Vampirella is a vampire superheroine created by Forrest J Ackerman and costume designer Trina Robbins in Warren Publishing‘s black-and-white horror comics magazine Vampirella #1 (Sept. 1969). Writer-editor Archie Goodwin later developed the character from horror-story hostess, in which capacity she remained through issue #8 (Nov. 1970), to a horror-drama leading character. Vampirella was ranked 35th in Comics Buyer’s Guide‘s “100 Sexiest Women in Comics” list.
Jughead: The Hunger launched on March 29, 2017 as a one-shot comic alongside the New Riverdale “pilot” lineup. It was written by Frank Tieri with art by Michael Walsh. Due to positive critical and fan reception, the book was picked up as an ongoing series.
It is the first title to debut under the Archie Horror imprint and is its third title overall behind Afterlife with Archie and Chilling Adventures of Sabrina, which released issues before the imprint was created. The series returned with its first official issue on October 25, 2017, with Pat & Tim Kennedy taking over as artists.
The Puma Blues was a comic book written by Stephen Murphy and drawn by Michael Zulli. It ran from June 1986 to the beginning of 1989, stretching over 23 regular issues and a single “half-issue” minicomic.
Published first by Aardvark One International and later by Mirage Studios, the story is set around the millennium. and follows Gavia Immer, a governmental fauna agent, as he goes through an existential dilemma while watching videos his father left for him after his death.

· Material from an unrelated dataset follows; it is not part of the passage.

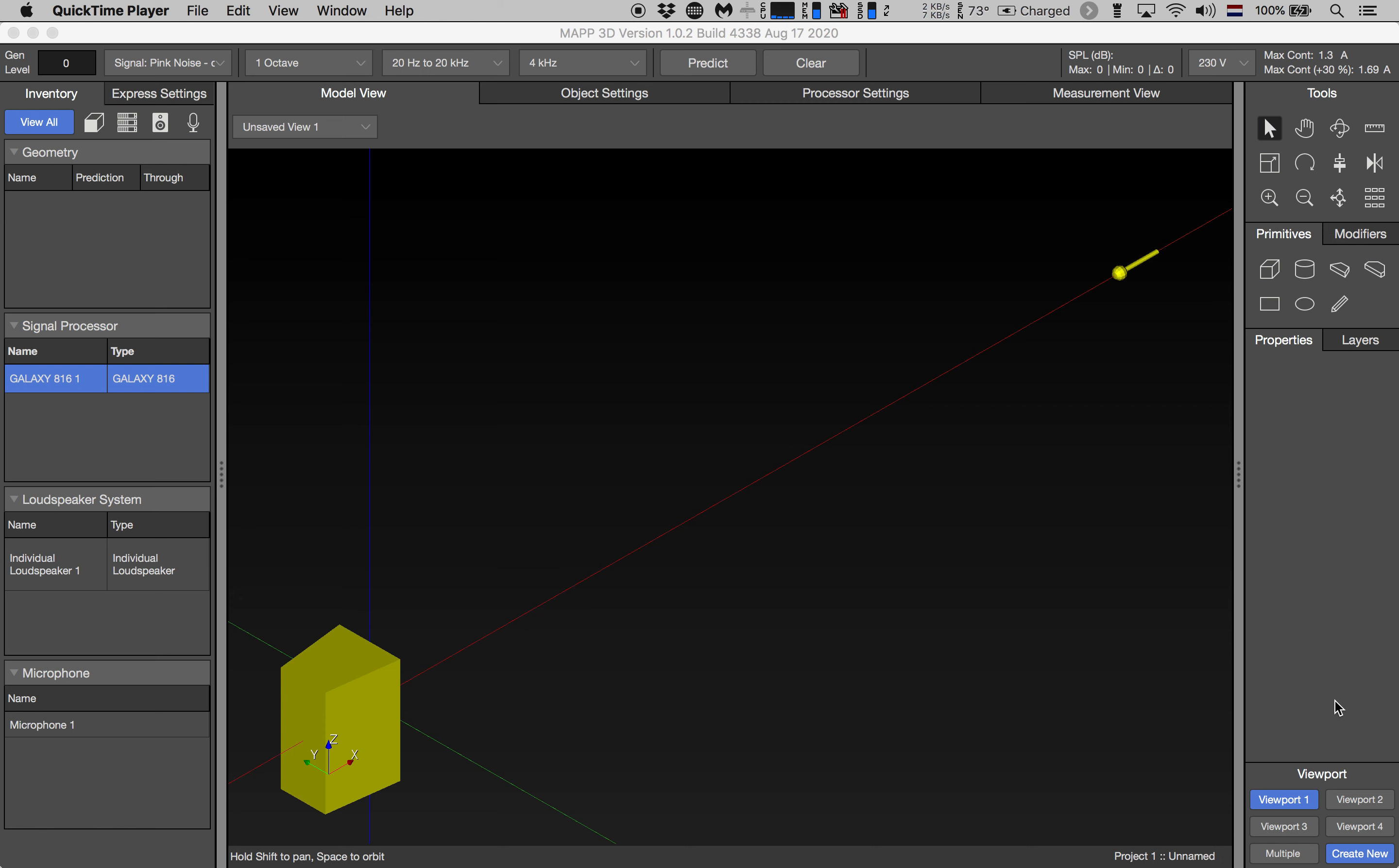This is Merlin van Veen with a quick and dirty tutorial explaining how to export measurement data from Meyer Sound's MAPP 3D into Smaart.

The comic book’s detailed artwork by Michael Zulli, which focused primarily on wildlife and nature, was superposed to a loose narrative with a druggy, dreamy, new age apocalyptic atmosphere. This de-structuralizing of the main narrative increased dramatically in later issues, with the second half of the series often taking the form of illustrated prose poetry within an associative narrative.

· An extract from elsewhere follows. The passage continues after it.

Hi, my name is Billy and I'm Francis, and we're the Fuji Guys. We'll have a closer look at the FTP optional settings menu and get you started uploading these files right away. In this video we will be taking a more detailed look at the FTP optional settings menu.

A two-part Batman/Grendel crossover, Devil’s Riddle and Devil’s Masque, was written and drawn by Wagner and colored by Wagner at the time of the Comico series, but was delayed by Comico’s bankruptcy. It was finally published by DC in 1993.
The story assumes that Hunter Rose and Batman live in the same fictional universe and are contemporaries. Bored with Argent the wolf and the NYPD, Hunter Rose comes to Gotham City to challenge the city’s protector to stop him before he commits an audacious crime. Hunter Rose becomes increasingly impressed with Batman but is still able to pull off his crime. However, Batman’s interference proves to be more trouble than he expected and Grendel winds up unintentionally endangering the life of a child and indirectly causing the death of a person he did not consider an enemy. Grendel and Batman’s final battle ends with the assassin just barely escaping Gotham, his arm broken by the Dark Knight in the process.
Although this story can be seen as out of continuity, Hunter Rose is depicted with a broken arm in the “Devil’s Advocate” short, featured inGrendel: Black, White, & Red.